The other evening I stood in my garden and I was watering the plants after a very hot day, a very hot several days actually. It was dusk, the time of the evening when people go outside to water their garden after a hot day, when the mosquitoes awaken in search of their victims, the air is thick with heat from the day but damp now too now that the sun is gone. The time of evening when the painting of the sunset has faded to the muted colors of deep purple, faint pink and encroaching darkness, when porch lights come on but house lights stay off so windows can be opened as the breeze comes slowly.
I stood alone in silence in this moment and heard the sounds from my neighbor’s garden which was hidden from my view by trees and tall bushes, directly behind our house. The sound I heard was the sound of an outdoor dinner party and the muffled sounds of people talking with the often gentle interruption of laughter.
Now I know it’s not uncommon to hear people in their backyards on weekend evenings enjoying dinner and drinks with friends on a summer’s evening, but what was uncommon, for me at least, was not the actual hearing of the sound of laughter and the gathering of friends but the feeling I instinctively had as it bottomed out my stomach. My absolute first thought to myself as I sighed slowly with a very familiar pain in my chest was, “I can’t remember the last time I laughed like that.” And I searched my memory and really, I couldn’t remember. I was going back days, weeks, months….it can’t be months? Could it? My sadness deepened. But it wasn’t months, it wasn’t even a year. My God, the last time my heart-felt happy enough to laugh like that was before my twin sister died….nearly three years now.

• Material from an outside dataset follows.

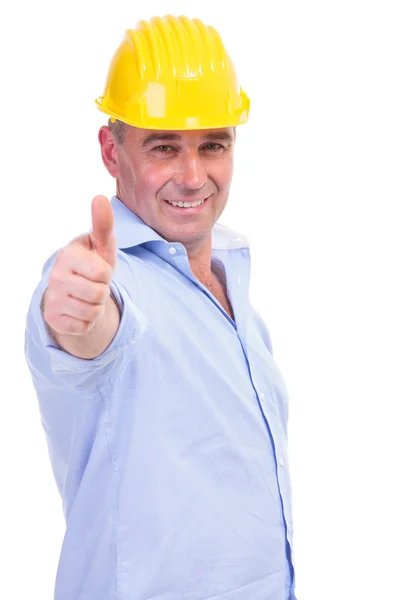 Middle aged engineer showing thumbs up — Stock Photo, Image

You know that feeling when someone tells you something that most certainly seems like a total fabrication and your first response is a call out the bullshit with an unmistakable look of skepticism with your expression. But then the person keeps at it and the furrow of your brow, your pursed lips, your squinted eyes of disbelief slowly give way to raised eyebrows and an open mouth and you are left speechless to the truth of what seemed like a total initial lie? Well, I had that feeling but it wasn’t about a story that I had a hard time believing to be true….it was about laughter. It was about happiness or maybe more specifically, my sadness. 3 years. 3 YEARS my heart hadn’t laughed and aside from several moments of joy I have felt watching my infant son discover the world and me, I felt in that moment, completely alone.
Before my sister died I had felt sadness before, painful sadness from experiences that come with regular life and I also felt grief too. The pain and grief from losing others close to me through the ending of friendships or because there was too great of a distance to remain close or in some cases death parted us. But the overwhelming grief that engulfed my life after my twin died was so deep and so powerful that it made all other pains in my memory pale in comparison, or at least it feels this way now in hindsight.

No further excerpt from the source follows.